Nun ja ...! Von daher fahre ich seit dem doch wieder Auto und Autobahn, zumindest bis
zum S-Bahn-Anschluss. Immerhin die fährt alle 10 Minuten und ich bin dann abends
auch flexibler. Und muss nicht der Chefin sagen "Vergiss nicht, was du sagen willst
sondern behalte es einfach bis morgen für dich, ICH muss nämlich jetzt los vielleicht
fährt meine Bahn heute"!
Ihr seht also, ich habe es blendend getroffen. Fast würde ich sagen mehr Glück als
Verstand, aber ich will mich mal nicht selber klein machen. Es ist aber wirklich so,
dass die Perspektiven für mich sehr gut sind, der Job mehr zu bieten hat, als der
vorangegangene, an dem ich doch sehr gehangen habe und ich jetzt wirklich seit langer
Zeit mal wieder gefordert bin und mich weiterbilden kann und sogar muss. Dafür kann so
ein Schlag also auch gut sein.

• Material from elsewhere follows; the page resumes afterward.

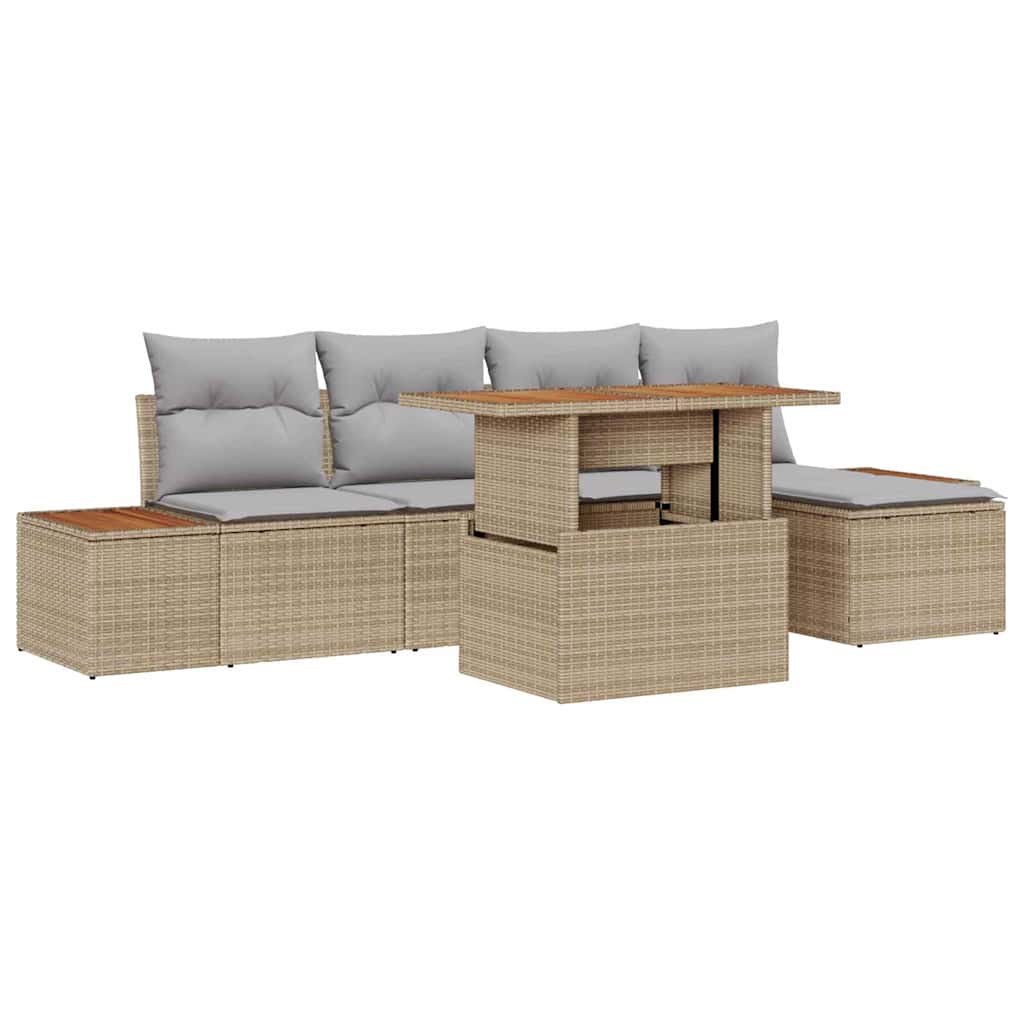 Garten Essgruppe mit Kissen 6 pcs Schwarz und Beige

Der Schlag, den Arbeitsplatz zu verlieren und
kurzfristig seine Welt in Scherben sehen und dann sieht die Zukunft auf einmal rosiger
aus, als man es sich eigentlich erträumt hat.
Drückt mir also die Daumen und seht in mancher "Niederlage" einfach die Chance, einen
Start hinzulegen, um das Gewesene zu übertrumpfen!
Dafür drücke ich jeder und jedem von euch die Daumen!